Pelaccio whisks a bit of lemon juice and oil into the steaming juices, dunks in a rib, and the meat is suddenly in sharp, delectable focus: finished.
“I would probably just serve a few of these on a plate with the vinaigrette and some herbs,” he says, when asked about presentation. A deceptively simple dish, since by the time the ribs reach the diner
they will have undergone fermentation and two or three cooking methods.
The plates for Fish & Game were thrown by a friend in Amagansett, in food-flattering white and off-white. “They have energy to them; they’re very cool,” says Pelaccio.

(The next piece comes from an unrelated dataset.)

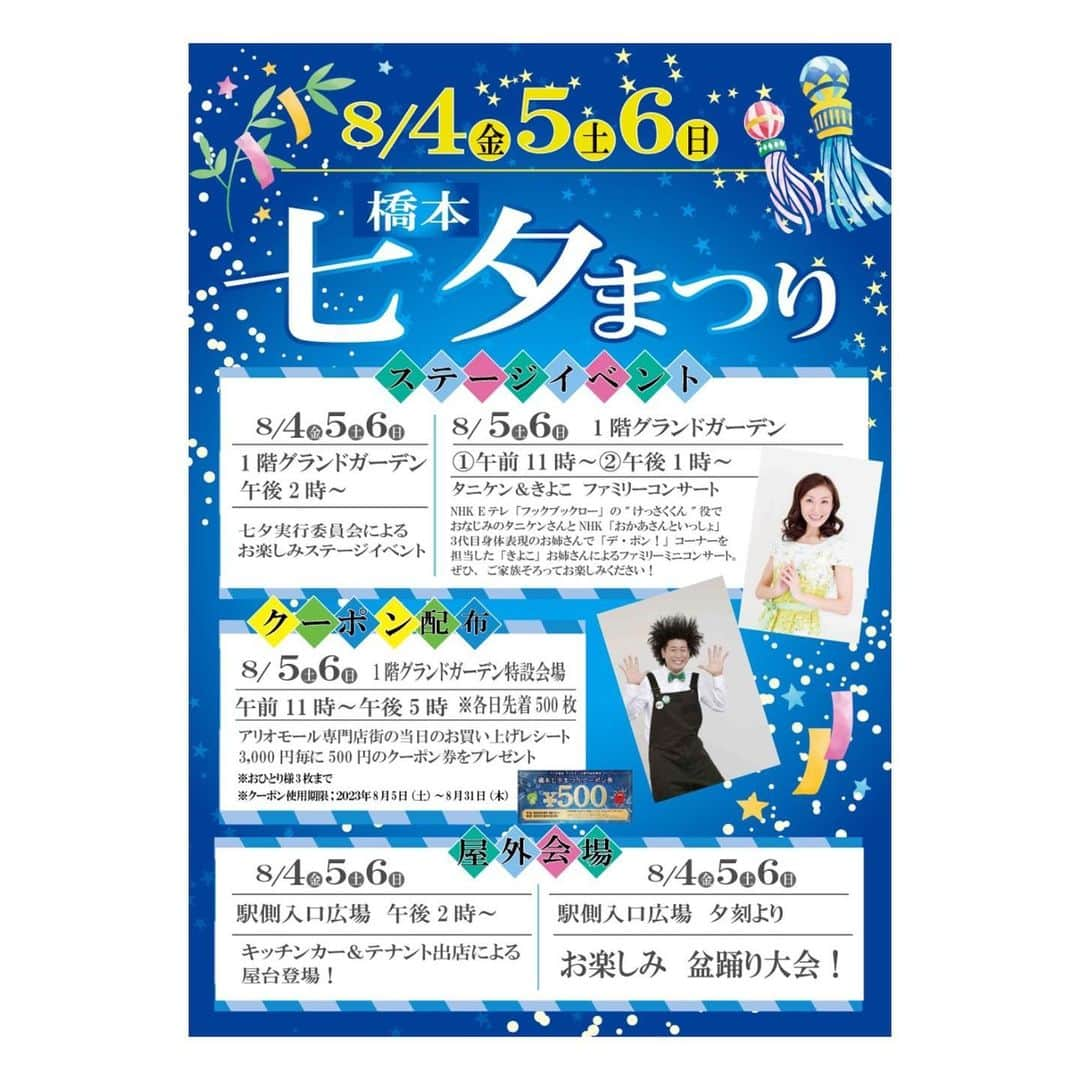 きよこさんのインスタグラム写真 - (きよこInstagram)「📣 8/5,8/6  Weekend concert! * ちょきちょき直近のおしらせーー！！  ◉8/5(土)・6(日) 🎋橋本七夕まつり ＜アリオ橋本＞ タニケン＆きよこファミリーコンサート  大好きなタニケンさん＆アコーディオンまいこさんとのファミリーコンサート。 しかも二日間。 もうもう楽しい♪  タニケンさんの歌声と まいこさんのアコーディオン 夏のひととき音楽の幸せ ぜひぜひに。  ん？私？ にこにこ担当よー😝  . 歌いまーす！ 動きまーす！ あそびまーす！  . 都内および近郊のみなさん、ご家族みんなでもお一人様もお二人様もみんなみんな大歓迎。  周辺も催し物や屋台などで賑わうみたいなので一日お出かけいかがでしょう。  直近のお知らせだけど会えるのを楽しみにしてるるるねー  . 🔵8/5(土)・6(日) タニケン＆きよこファミリーコンサート アリオ橋本1Fグランドガーデン ①11時～　②13時～ 観覧無料  告知動画▷プロフィール画面▷リンク　 youtu.be/ms2iSHFFkK8  . #谷本賢一郎  #アコーディオンまいこ #きよこ  #フックブックロー #おかあさんといっしょ」8月3日 23時48分 - kiyoco_smily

Until the flatware was delivered, the kitchen staff ate with their hands.
As winter softens into spring, more vegetables arrive, both as overwintered roots and new sprouts, and the kitchen staff is visibly thrilled. A few weeks before opening, Emde is at work making “abacus beads,” sticky dumplings that look like fat orechiette, but out of fresh-dug parsnips instead of the traditional taro root. A delivery of baby greens from Common Hands Farm comes in—mizuna, radishes and a spicy mix—and she eagerly tastes them, grabbing more to toss with the beads and the ground pork sizzling on the flat top. Chef Pomplun is working on a milk-poached salsify dish, finished in the wood oven, with brown butter and hazelnuts and a generous strewing of sunflower sprouts and red-veined sorrel. A loaf of his brioche, a golden cloud of butter and egg with just enough flour to give it shape, sits on the end of the counter with a knife nearby, steadily getting shorter as the day lengthens.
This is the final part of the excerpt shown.